I suppose a typical "printk->console_unlock() under spin_lock" thing

	CPU0						CPU1
	spin_lock(&lock)
	 printk						spin_lock(&lock)
	  console_unlock()
	   for (;;)
	    call_console_drivers()

While other CPUs printk->log_store() and some (or may be just one) is locked
up on spin_lock(&lock). So we have several lockup vectors here - one is
console_unlock() under spin_lock and the other one is CPUs spinning on the
very same spin_lock. So handoff should help here, no doubt. But it cannot help
if other CPUs will start to printk_deferred() instead of printk().


Looking at
 printk()->call_console_drivers()->serial8250_console_putchar()->wait_for_xmitr()

... wait_for_xmitr() can spin for over 1 second waiting for the UART_MSR_CTS
bit.

static void wait_for_xmitr(struct uart_8250_port *up, int bits)
{
	unsigned int status, tmout = 10000;

	/* Wait up to 10ms for the character(s) to be sent. */
	for (;;) {
		status = serial_in(up, UART_LSR);

		up->lsr_saved_flags |= status & LSR_SAVE_FLAGS;

		if ((status & bits) == bits)
			break;
		if (--tmout == 0)
			break;
		udelay(1);
		touch_nmi_watchdog();
	}

	/* Wait up to 1s for flow control if necessary */
	if (up->port.flags & UPF_CONS_FLOW) {
		for (tmout = 1000000; tmout; tmout--) {
			unsigned int msr = serial_in(up, UART_MSR);
			up->msr_saved_flags |= msr & MSR_SAVE_FLAGS;
			if (msr & UART_MSR_CTS)
				break;
			udelay(1);
			touch_nmi_watchdog();
		}
	}
	...
}

a 1+ second long busy loop in the console driver is quite close to
"problems guaranteed". But, wait, there is even more. This wait_for_xmitr()
busy wait is happening after every character we print on the console. So
printk("foo") will generate 5 * wait_for_xmitr() busy loops [foo + \r + \n].
They punch&touch watchdog a lot, so at the least the system won't get killed
by the hardlockup detector. But at the same time, it's still potentially a
1+ second busy loop in the console driver * strlen(message).

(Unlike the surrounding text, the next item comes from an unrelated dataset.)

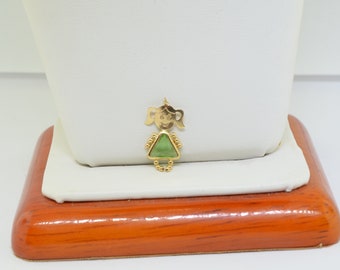 14K Yellow Gold Peridot Charm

Sometimes I really wish we had detached consoles. Direct printk()->console
is nice and cool, but... we can't have it. I don't want to pressure for
printk_kthread, but look at all those consoles. There are not so many ways
out. What do you think?

	-ss
Comment 7 sergey.senozhatsky.work 2018-03-22 02:35:04 UTC
On (03/22/18 11:14), Sergey Senozhatsky wrote:
[..]
> Looking at
> 
>  printk()->call_console_drivers()->serial8250_console_putchar()->wait_for_xmitr()
> 
> ... wait_for_xmitr() can spin for over 1 second waiting for the UART_MSR_CTS
> bit.

[..]

> a 1+ second long busy loop in the console driver is quite close to
> "problems guaranteed". But, wait, there is even more. This wait_for_xmitr()
> busy wait is happening after every character we print on the console. So
> printk("foo") will generate 5 * wait_for_xmitr() busy loops [foo + \r + \n].
> They punch&touch watchdog a lot, so at the least the system won't get killed
> by the hardlockup detector. But at the same time, it's still potentially a
> 1+ second busy loop in the console driver * strlen(message).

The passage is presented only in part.